There are official guidelines for brewing espresso. According to them, the final volume of the drink should be from 25 to 35 milliliters, while water should be supplied under a pressure of 9 bar, at a temperature of 92 to 95 degrees Celsius and for 20-30 seconds, and the required mass of grains for one cup should be in range from 7 to 9 grams. However, many coffee shops deviate from these rules, as modern coffee machines allow you to adjust not only these parameters, but many others.

The final taste of coffee is determined by the ratio of concentrations of approximately two thousand chemical compounds contained in the beans. It is generally believed that the smaller the grind, the better the drink will be, as this increases the area of ​​\uXNUMXb\uXNUMXbcontact between coffee and water. However, in reality, it is very difficult to brew the same tasting espresso several times in a row.

Jamie Foster of the University of Portsmouth and colleagues have developed a new mathematical model for espresso brewing that offers an ingenious explanation for quality variability. According to the results of the work, the amount of brewed coffee depends non-linearly on the degree of grinding: as the grain size decreases, the dissolution productivity increases, but after a certain value it starts to fall.

The authors did not use direct modeling of all physical and chemical processes during the flow of water through coffee, but modified well-developed methods for simulating the movement of charged particles in lithium-ion batteries.

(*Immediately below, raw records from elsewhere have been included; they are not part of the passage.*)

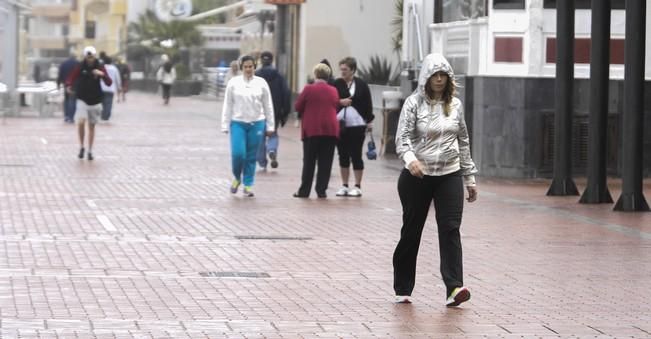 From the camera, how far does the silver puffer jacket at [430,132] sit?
9961mm

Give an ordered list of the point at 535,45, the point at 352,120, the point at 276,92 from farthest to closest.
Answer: the point at 276,92, the point at 535,45, the point at 352,120

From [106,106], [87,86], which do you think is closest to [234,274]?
[87,86]

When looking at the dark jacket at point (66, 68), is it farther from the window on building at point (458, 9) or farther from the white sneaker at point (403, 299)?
the white sneaker at point (403, 299)

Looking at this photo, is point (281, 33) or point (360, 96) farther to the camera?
point (281, 33)

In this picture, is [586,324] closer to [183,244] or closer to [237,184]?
[183,244]

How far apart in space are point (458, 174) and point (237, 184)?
8.68m

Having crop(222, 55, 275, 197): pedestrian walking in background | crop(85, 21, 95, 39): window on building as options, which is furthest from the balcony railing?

It turned out that too fine grinding leads to partial clogging of the filter and a decrease in the proportion of the dissolving substrate.

Ultimately, the authors suggest using not the finest grind, adding slightly fewer grains and using less water. According to the researchers, this strategy results in saving money and resources, and ensures the reproducibility of the taste of the drink. However, this does not mean that there is only one parameter setting that produces the best coffee, as taste preferences vary from person to person. In some cases, it may be necessary to mix several brews in an optimized way to reproduce the preferred taste.